* [Prompt]: Reproduce, exactly, the lines of the material below from the line containing "长春提供特殊时期就业应急支持：放开高校毕业生落户限制" through the line containing "Tehlike Sarmalında Aşk kitap kapağı", with both end lines included and nothing else.
"""
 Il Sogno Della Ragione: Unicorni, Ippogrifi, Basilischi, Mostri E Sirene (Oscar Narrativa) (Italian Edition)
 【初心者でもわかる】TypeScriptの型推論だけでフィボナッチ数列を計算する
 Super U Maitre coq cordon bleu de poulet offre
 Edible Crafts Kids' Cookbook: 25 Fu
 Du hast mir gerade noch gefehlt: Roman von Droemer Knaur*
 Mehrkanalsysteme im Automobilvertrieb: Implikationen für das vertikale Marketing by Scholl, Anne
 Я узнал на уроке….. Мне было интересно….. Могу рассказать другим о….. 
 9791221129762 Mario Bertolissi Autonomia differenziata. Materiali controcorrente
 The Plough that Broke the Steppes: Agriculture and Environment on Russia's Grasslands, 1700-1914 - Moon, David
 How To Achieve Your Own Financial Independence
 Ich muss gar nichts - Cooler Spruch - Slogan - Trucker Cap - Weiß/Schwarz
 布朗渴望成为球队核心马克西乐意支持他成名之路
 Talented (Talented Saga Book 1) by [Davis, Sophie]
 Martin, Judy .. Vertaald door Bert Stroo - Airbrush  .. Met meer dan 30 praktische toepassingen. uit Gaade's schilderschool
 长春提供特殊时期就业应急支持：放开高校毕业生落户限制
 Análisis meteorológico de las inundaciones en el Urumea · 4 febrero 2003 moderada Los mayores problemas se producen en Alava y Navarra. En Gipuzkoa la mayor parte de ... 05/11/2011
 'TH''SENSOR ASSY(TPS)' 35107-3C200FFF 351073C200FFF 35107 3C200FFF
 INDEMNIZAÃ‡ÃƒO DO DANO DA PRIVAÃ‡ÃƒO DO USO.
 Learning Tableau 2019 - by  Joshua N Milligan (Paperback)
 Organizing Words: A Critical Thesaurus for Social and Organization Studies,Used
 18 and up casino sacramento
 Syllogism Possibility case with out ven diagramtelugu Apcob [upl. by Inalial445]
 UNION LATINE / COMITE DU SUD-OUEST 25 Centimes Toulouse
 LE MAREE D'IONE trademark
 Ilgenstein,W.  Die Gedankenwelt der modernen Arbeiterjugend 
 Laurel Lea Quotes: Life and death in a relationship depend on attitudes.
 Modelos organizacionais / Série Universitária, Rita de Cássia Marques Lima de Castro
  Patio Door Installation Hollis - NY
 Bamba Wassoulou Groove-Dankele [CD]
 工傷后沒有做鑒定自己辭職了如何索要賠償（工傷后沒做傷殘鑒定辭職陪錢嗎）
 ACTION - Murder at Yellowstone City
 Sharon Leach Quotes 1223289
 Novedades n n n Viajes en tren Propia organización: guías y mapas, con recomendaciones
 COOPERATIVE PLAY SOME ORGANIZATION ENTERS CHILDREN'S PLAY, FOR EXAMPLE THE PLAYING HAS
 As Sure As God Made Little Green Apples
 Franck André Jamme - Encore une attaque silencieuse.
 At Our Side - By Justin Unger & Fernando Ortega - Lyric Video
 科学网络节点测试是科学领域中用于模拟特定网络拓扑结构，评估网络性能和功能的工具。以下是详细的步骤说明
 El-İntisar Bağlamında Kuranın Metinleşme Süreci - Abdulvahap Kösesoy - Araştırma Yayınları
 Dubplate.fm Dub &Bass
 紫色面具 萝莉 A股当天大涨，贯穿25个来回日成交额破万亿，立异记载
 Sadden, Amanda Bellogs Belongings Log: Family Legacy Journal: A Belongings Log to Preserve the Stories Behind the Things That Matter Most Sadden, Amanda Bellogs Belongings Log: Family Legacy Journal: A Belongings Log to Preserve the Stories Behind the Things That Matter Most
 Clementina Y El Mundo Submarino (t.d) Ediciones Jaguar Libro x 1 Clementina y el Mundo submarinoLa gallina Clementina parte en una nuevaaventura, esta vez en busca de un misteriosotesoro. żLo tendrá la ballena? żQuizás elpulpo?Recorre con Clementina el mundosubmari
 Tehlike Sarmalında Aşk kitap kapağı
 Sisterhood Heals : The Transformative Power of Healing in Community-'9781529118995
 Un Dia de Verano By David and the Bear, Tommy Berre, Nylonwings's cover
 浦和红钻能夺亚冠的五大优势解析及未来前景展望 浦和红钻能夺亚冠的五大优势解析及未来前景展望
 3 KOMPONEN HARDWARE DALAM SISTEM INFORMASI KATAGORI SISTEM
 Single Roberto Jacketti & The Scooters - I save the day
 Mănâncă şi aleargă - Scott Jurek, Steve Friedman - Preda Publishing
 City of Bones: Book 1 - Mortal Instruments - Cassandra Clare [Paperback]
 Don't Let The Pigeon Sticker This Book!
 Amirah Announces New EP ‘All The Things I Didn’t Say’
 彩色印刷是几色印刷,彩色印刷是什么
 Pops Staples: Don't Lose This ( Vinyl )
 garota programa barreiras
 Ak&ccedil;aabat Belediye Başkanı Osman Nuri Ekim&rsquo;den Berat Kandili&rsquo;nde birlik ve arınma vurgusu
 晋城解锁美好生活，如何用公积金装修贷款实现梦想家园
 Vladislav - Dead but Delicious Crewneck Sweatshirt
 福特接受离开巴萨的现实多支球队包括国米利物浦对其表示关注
"""
* [Written answer]:
 长春提供特殊时期就业应急支持：放开高校毕业生落户限制
 Análisis meteorológico de las inundaciones en el Urumea · 4 febrero 2003 moderada Los mayores problemas se producen en Alava y Navarra. En Gipuzkoa la mayor parte de ... 05/11/2011
 'TH''SENSOR ASSY(TPS)' 35107-3C200FFF 351073C200FFF 35107 3C200FFF
 INDEMNIZAÃ‡ÃƒO DO DANO DA PRIVAÃ‡ÃƒO DO USO.
 Learning Tableau 2019 - by  Joshua N Milligan (Paperback)
 Organizing Words: A Critical Thesaurus for Social and Organization Studies,Used
 18 and up casino sacramento
 Syllogism Possibility case with out ven diagramtelugu Apcob [upl. by Inalial445]
 UNION LATINE / COMITE DU SUD-OUEST 25 Centimes Toulouse
 LE MAREE D'IONE trademark
 Ilgenstein,W.  Die Gedankenwelt der modernen Arbeiterjugend 
 Laurel Lea Quotes: Life and death in a relationship depend on attitudes.
 Modelos organizacionais / Série Universitária, Rita de Cássia Marques Lima de Castro
  Patio Door Installation Hollis - NY
 Bamba Wassoulou Groove-Dankele [CD]
 工傷后沒有做鑒定自己辭職了如何索要賠償（工傷后沒做傷殘鑒定辭職陪錢嗎）
 ACTION - Murder at Yellowstone City
 Sharon Leach Quotes 1223289
 Novedades n n n Viajes en tren Propia organización: guías y mapas, con recomendaciones
 COOPERATIVE PLAY SOME ORGANIZATION ENTERS CHILDREN'S PLAY, FOR EXAMPLE THE PLAYING HAS
 As Sure As God Made Little Green Apples
 Franck André Jamme - Encore une attaque silencieuse.
 At Our Side - By Justin Unger & Fernando Ortega - Lyric Video
 科学网络节点测试是科学领域中用于模拟特定网络拓扑结构，评估网络性能和功能的工具。以下是详细的步骤说明
 El-İntisar Bağlamında Kuranın Metinleşme Süreci - Abdulvahap Kösesoy - Araştırma Yayınları
 Dubplate.fm Dub &Bass
 紫色面具 萝莉 A股当天大涨，贯穿25个来回日成交额破万亿，立异记载
 Sadden, Amanda Bellogs Belongings Log: Family Legacy Journal: A Belongings Log to Preserve the Stories Behind the Things That Matter Most Sadden, Amanda Bellogs Belongings Log: Family Legacy Journal: A Belongings Log to Preserve the Stories Behind the Things That Matter Most
 Clementina Y El Mundo Submarino (t.d) Ediciones Jaguar Libro x 1 Clementina y el Mundo submarinoLa gallina Clementina parte en una nuevaaventura, esta vez en busca de un misteriosotesoro. żLo tendrá la ballena? żQuizás elpulpo?Recorre con Clementina el mundosubmari
 Tehlike Sarmalında Aşk kitap kapağı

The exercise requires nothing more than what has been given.